[Opening DATA SEGMENT section]
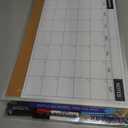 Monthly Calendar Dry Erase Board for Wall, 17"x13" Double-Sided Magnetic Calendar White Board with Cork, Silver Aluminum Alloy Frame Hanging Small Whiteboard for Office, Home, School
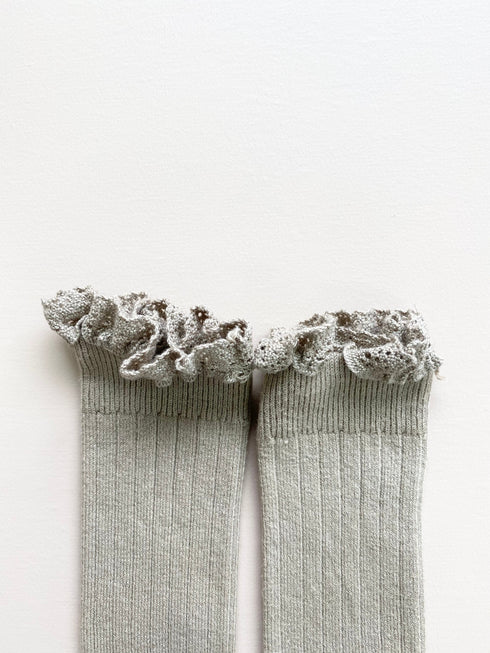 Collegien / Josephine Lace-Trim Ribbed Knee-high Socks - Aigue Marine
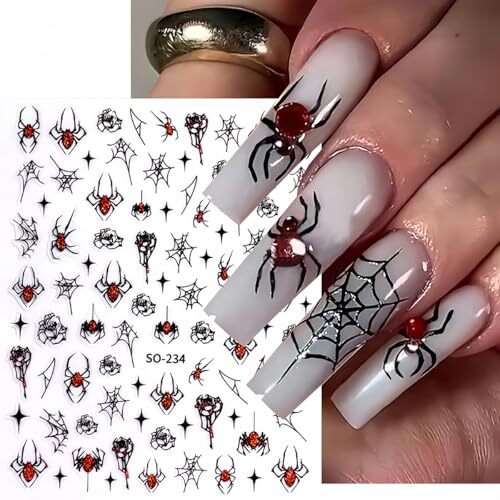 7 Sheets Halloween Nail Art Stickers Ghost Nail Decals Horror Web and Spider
[Closing DATA SEGMENT section]
Output the listing above exactly, pictures omitted.

 Monthly Calendar Dry Erase Board for Wall, 17"x13" Double-Sided Magnetic Calendar White Board with Cork, Silver Aluminum Alloy Frame Hanging Small Whiteboard for Office, Home, School
 Collegien / Josephine Lace-Trim Ribbed Knee-high Socks - Aigue Marine
 7 Sheets Halloween Nail Art Stickers Ghost Nail Decals Horror Web and Spider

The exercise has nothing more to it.